Sur la maison de Corneille, païen (10, 44) : « Pierre parlait encore quand l'Esprit Saint tomba sur tous ceux qui écoutaient la parole. »
Sur le groupe des croyants que trouve Paul lors de sa première visite à Éphèse et qui n’avaient reçu que le baptême de Jean (19, 5-6) : « Ils se firent baptiser au nom du Seigneur Jésus ; et quand Paul leur eut imposé les mains, l'Esprit Saint vint sur eux, et ils se mirent à parler en langues et à prophétiser. »
[1] Luc a aussi pris en compte des coutumes liturgiques juives transposées dans les communautés chrétiennes primitives.
[2] Voir 2 Ch 15, 10-13. Dans la tradition juive, voir le passage du Livre des Jubilés 6, 20. On a découvert des attestations d’une telle célébration dans la littérature de Qumrân.
[3] Voir surtout le résultat des analyses de J. Potin, Op. cit., p. 309-310.
[4] La liste mentionne 12 lieux de la diaspora plus un treizième, Rome.

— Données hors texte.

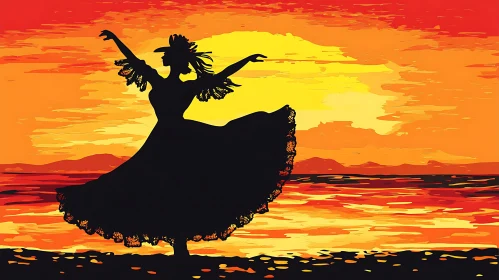 Sunset Dance Silhouette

[5] R. Le Déaut, Pentecôte et tradition juive, in : Spiritus 7 (1961), pp. 127-144. J. Dupont, La première pentecôte chrétienne, in : Études sur les Actes des apôtres, LD 47, pp. 481-502 ; La nouvelle Pentecôte, in : Nouvelles études sur les Actes des Apôtres, pp. 193-198. Jean Potin, La fête juive de la Pentecôte. Étude des textes liturgiques (LD 65 et 65b), Cerf, Paris, 1971, t. 1 : IIIè partie, ch. 5 : Le récit de la Pentecôte chrétienne à la lumière de la tradition juive, p. 299-317.